Gunvor steht Ärger ins Haus. Der weltweit viertgrösste Ölhändler wird in einem Artikel des englischen Wirtschaftsmagazins «The Economist» verdächtigt, möglicherweise den Ölmarkt manipuliert zu haben. Die beschuldigte Firmengruppe mit Hauptsitzen in Genf und Singapur sowie Domizil in Sarnen/Obwalden reagiert in einer Stellungnahme äusserst empört über die Economist-Recherche.
Viele Gerüchte um die Gruppe
Als grosser und sehr erfolgreicher Player im Ölhandel verfügt Gunvor über exzellente Beziehungen in den russischen Machtzirkel von Wladimir Putin. Um die Firma ranken sich verschiedene Gerüchte, insbesondere, was die Verbundenheit des Gunvor-Mitgründers Gennadi Timtschenko mit Putin betrifft. Davon zeugen unter anderem auch durch Wikileaks veröffentlichte Depeschen der US-Botschaft in Moskau, in denen zu lesen ist, Putin sei an der Firma still beteiligt. Eine Behauptung, die Gunvor in der Vergangenheit mehrmals als komplett falsch bezeichnete.
Massive Verdächtigung
Nun legt das Wirtschaftsmagazin «The Economist» ein Scheit nach und behauptet, dass sich Gunvor über längere Zeit für einen Öltrader auf dem Spotmarkt völlig rätselhaft verhalten habe. Die Firma hätte Öl zu für sie unvorteilhaften Konditionen verkauft - und das von 2005 bis 2009, den Zeitraum, den «The Economist» untersuchte.
Das Blatt legt durch Statistiken und Expertenmeinungen nahe, durch gezielte Verkäufe könnte Gunvor den Preis des russischen Öltyps «Urals crude» künstlich gedrückt haben, was auf den ersten Blick zum Nachteil der Firma gewesen sei. Doch in Tat und Wahrheit könnte der schlechte Preis der Firma genützt haben, weil sie so fällige Steuern sparen und bessere Verträge mit Ölförderern ausbedingen konnte. Sollte das zutreffen, so «The Economist», wären die Geschädigten das russische Volk gewesen. Und obendrein hiesse das, dass Gunvor den Spotmarkt erfolgreich manipulierte.

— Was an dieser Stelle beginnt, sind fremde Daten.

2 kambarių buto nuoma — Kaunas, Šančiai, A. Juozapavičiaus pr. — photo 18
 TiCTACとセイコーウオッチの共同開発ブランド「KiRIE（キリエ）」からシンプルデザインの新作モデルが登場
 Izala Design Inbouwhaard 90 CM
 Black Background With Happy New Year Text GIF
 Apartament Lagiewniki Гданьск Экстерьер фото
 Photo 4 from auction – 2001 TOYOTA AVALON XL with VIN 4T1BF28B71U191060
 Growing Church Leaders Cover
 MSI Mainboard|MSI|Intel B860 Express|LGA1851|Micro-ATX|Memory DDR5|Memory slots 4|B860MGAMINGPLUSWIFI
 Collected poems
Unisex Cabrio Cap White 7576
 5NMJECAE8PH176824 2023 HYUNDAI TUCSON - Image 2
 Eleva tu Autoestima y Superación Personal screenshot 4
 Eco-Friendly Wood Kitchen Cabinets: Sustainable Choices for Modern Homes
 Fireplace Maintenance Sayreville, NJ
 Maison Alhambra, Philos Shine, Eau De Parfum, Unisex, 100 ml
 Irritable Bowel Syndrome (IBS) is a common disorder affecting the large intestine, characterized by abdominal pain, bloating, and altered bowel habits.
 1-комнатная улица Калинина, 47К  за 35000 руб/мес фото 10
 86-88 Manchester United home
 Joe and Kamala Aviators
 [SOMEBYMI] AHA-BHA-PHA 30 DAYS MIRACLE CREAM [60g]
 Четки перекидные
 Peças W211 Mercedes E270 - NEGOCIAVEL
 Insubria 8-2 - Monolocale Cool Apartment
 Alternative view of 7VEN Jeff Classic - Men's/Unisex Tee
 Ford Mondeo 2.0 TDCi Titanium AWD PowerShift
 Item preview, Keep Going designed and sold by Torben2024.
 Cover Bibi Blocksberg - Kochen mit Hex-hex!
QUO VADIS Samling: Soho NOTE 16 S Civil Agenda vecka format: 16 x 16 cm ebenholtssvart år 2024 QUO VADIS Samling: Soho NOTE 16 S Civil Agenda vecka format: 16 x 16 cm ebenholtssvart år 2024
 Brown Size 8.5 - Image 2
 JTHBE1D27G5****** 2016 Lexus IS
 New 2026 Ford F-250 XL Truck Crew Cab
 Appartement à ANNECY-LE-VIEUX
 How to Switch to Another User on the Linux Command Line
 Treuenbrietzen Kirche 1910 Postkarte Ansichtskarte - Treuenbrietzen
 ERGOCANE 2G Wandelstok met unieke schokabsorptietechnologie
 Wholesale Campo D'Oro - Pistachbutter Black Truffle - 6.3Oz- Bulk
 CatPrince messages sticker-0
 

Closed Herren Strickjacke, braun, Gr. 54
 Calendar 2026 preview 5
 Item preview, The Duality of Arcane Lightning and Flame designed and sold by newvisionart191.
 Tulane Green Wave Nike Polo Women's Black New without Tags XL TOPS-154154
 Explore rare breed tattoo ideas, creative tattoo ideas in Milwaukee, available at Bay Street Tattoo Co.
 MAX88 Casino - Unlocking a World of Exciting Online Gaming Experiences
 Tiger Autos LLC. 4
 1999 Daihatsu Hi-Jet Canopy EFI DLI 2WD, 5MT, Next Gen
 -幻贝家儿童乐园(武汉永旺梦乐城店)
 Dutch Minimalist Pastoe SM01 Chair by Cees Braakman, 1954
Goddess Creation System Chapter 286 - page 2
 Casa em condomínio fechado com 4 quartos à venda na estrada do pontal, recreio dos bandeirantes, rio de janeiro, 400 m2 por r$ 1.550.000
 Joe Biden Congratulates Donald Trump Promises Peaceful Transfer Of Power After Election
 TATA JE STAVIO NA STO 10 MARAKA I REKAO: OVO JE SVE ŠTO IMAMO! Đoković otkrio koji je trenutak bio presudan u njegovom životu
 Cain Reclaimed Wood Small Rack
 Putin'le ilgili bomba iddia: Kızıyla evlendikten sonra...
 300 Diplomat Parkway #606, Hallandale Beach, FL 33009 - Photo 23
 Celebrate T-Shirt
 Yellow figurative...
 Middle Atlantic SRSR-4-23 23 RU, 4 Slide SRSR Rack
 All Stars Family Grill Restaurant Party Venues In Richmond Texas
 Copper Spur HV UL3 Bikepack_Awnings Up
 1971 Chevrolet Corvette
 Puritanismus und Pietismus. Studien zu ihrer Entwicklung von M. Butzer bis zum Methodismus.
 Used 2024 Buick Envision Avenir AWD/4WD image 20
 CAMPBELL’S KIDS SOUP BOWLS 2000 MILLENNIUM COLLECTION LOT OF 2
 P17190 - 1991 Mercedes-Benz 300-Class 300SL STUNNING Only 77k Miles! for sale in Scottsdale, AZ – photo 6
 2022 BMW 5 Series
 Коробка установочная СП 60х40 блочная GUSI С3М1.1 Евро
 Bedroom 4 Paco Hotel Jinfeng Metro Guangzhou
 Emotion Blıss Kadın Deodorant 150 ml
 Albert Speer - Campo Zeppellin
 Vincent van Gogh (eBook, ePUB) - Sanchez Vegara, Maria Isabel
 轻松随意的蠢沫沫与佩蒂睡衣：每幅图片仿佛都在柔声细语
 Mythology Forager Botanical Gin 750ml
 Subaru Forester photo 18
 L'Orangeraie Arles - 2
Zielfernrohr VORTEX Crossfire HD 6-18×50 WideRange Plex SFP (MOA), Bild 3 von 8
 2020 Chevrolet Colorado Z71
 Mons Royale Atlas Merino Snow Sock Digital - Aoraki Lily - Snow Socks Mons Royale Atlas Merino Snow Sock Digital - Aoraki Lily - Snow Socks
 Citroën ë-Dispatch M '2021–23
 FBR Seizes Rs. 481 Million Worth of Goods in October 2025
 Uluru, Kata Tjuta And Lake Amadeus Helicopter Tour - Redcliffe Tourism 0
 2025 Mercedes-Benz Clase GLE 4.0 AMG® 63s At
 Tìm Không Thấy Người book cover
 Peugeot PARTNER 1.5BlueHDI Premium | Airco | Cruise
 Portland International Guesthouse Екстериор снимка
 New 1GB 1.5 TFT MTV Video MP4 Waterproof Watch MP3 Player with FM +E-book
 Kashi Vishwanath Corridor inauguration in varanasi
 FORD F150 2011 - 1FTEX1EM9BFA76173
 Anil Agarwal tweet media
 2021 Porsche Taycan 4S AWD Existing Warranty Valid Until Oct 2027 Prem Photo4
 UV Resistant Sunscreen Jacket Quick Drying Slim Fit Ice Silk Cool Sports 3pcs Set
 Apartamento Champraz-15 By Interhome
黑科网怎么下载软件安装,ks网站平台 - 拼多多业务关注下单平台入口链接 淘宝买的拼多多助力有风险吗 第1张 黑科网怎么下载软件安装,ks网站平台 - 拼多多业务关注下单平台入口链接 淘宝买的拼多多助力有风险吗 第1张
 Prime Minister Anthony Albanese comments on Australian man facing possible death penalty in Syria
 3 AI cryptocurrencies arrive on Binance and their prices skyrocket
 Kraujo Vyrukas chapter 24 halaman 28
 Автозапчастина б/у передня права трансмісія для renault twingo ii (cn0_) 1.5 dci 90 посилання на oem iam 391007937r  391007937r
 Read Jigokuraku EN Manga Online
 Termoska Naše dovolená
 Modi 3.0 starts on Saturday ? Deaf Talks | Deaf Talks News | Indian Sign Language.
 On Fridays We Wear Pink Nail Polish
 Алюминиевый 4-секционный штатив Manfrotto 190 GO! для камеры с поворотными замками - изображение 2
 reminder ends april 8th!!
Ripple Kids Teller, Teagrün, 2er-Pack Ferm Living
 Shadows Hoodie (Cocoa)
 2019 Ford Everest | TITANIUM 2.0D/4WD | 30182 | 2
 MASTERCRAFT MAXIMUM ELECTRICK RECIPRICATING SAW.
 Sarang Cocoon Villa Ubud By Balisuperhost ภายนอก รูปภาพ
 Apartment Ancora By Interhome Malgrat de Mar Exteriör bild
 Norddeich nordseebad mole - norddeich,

«Unwahre» und «unbewiesene» Behauptungen
Die Reaktion in Genf liess nicht lange auf sich warten. In einer ausführlichen Stellungnahme bezeichnet Gunvor die Recherche als «falsch und unbegründet». Der Firmenvorsitzende Torbjörn Törnqvist zeigte sich «schockiert, dass ein solcher Artikel in einem seriösen Wirtschaftsmagazin erscheinen konnte. Im Artikel werden Behauptungen aufgestellt, die der Economist selbst als unbewiesen und nicht beweisbare Spekulation bezeichnet, die zudem von der grössten Autorität im Rohstoffhandel, Platts Crude Oil Marketwire, zurückgewiesen wird.»
Weiter sagt Törqvist, dass der Artikel die journalistische Objektivität und Fairness verletze. Statt den Fakten nachzugehen, sei man beim Economist der eigenen These erlegen. Das Blatt sei nicht an einer Diskussion interessiert gewesen und man werde seitens Gunvor alle verfügbaren Optionen prüfen, um den Schaden zu beheben, der durch derart falsche Anschuldigungen entstanden sei.
In einem offenen Brief an die Redaktion des Economist beteuerte der Präsident von Platts, Larry Neal, dass die Handelsplattform nicht manipulierbar sei. «You got it wrong», schreibt Neal und sagt, eine Firma allein könne den Markt nicht manipulieren. Die Urals-Preise entsprächen sowohl in der Vergangenheit wie auch heute den tatsächlichen Marktrealtitäten.